Key facts
- SpaceX has confidentially filed for an initial public offering with the U.S. Securities and Exchange Commission.
- The company is targeting a public listing as early as June 2026, with a potential valuation of $1.75 trillion.
- The IPO follows SpaceX's absorption of Elon Musk's AI venture, xAI.
- SpaceX plans to raise between $75 billion and $100 billion.
- Retail investors may receive an allocation of up to 30% of the shares offered.
SpaceX has confidentially submitted its S-1 filing to the U.S. Securities and Exchange Commission on April 1, 2026, signaling its intention to go public. The offering, internally codenamed "Project Apex," aims for a listing as early as June 2026, potentially making it the largest initial public offering in history.

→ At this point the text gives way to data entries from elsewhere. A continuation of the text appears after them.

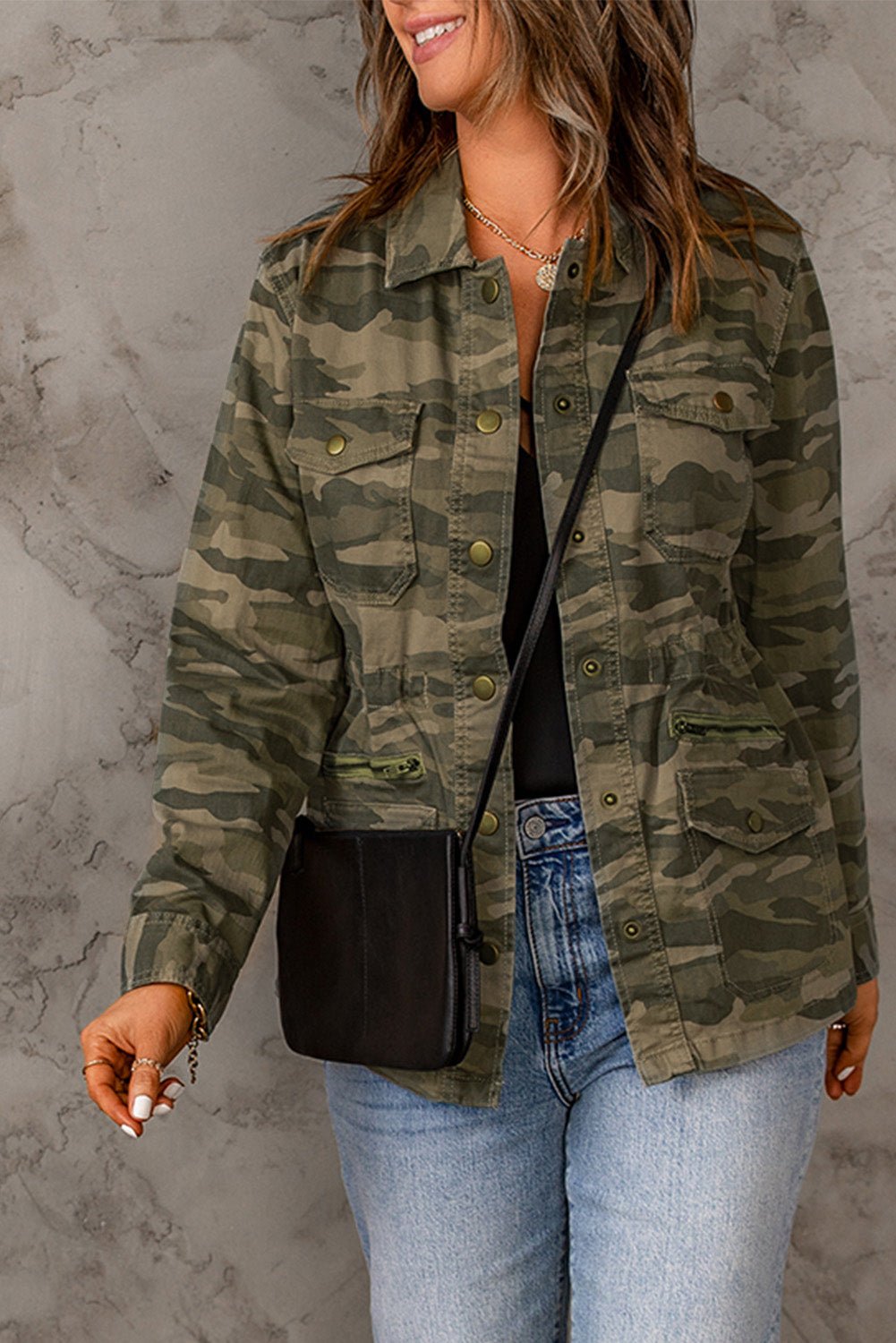 Camouflage Snap Down Jacket - DunbiBeauty, LLC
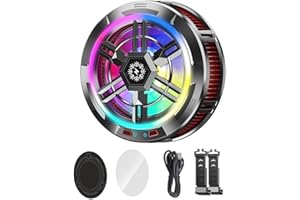 Fowecry Mobile Phone Cooler USB Powered Cooler for Cell Phone Radiator Fan Flat Phone Cooler Cooling Fan with Back Clip Large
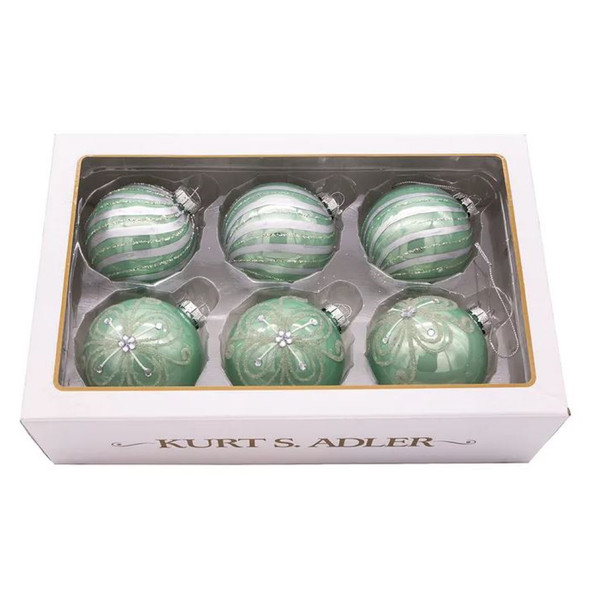 Kurt Adler Glass Ball Ornaments, Silver and Aqua, 3.15in (Pack of 6)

The company is reportedly seeking to raise between $75 billion and $100 billion, with a valuation that could reach $1.75 trillion. This valuation would place SpaceX among the world's most valuable public companies, alongside tech giants like Apple and Microsoft. The move comes shortly after SpaceX absorbed Elon Musk's artificial intelligence venture, xAI, a merger valued at $250 billion, which significantly reshapes the IPO's financial considerations.
Professor Aswath Damodaran of NYU Stern School of Business noted that the IPO represents a "recalibration of how the public markets value infrastructure companies," suggesting investors will need to price in not only Starlink's current revenue but also the future potential of orbital connectivity, space colonization, and AI.
Key to the offering is a substantial retail investor allocation, potentially up to 30% of available shares, a move designed to broaden investor appeal. The full S-1 prospectus, which will provide detailed financial statements, is expected to be made public in late April or early May 2026, at least 15 days before the investor roadshow begins.
However, the IPO faces significant regulatory and geopolitical risks. SpaceX's strategic importance to U.S. national security, coupled with ITAR and export-control restrictions, limits access to certain capital markets. GPU export rules impact xAI's compute business, and China views Starlink as a military threat. The company's business model is heavily reliant on defense contracts from the Pentagon, NRO, and Starshield, making it a critical U.S. defense asset but also a potential single point of failure. Spectrum disputes with the FCC and ITU, environmental litigation, orbital debris liability, AI regulation for Grok/xAI, and governance conflicts related to Musk also present structural risks.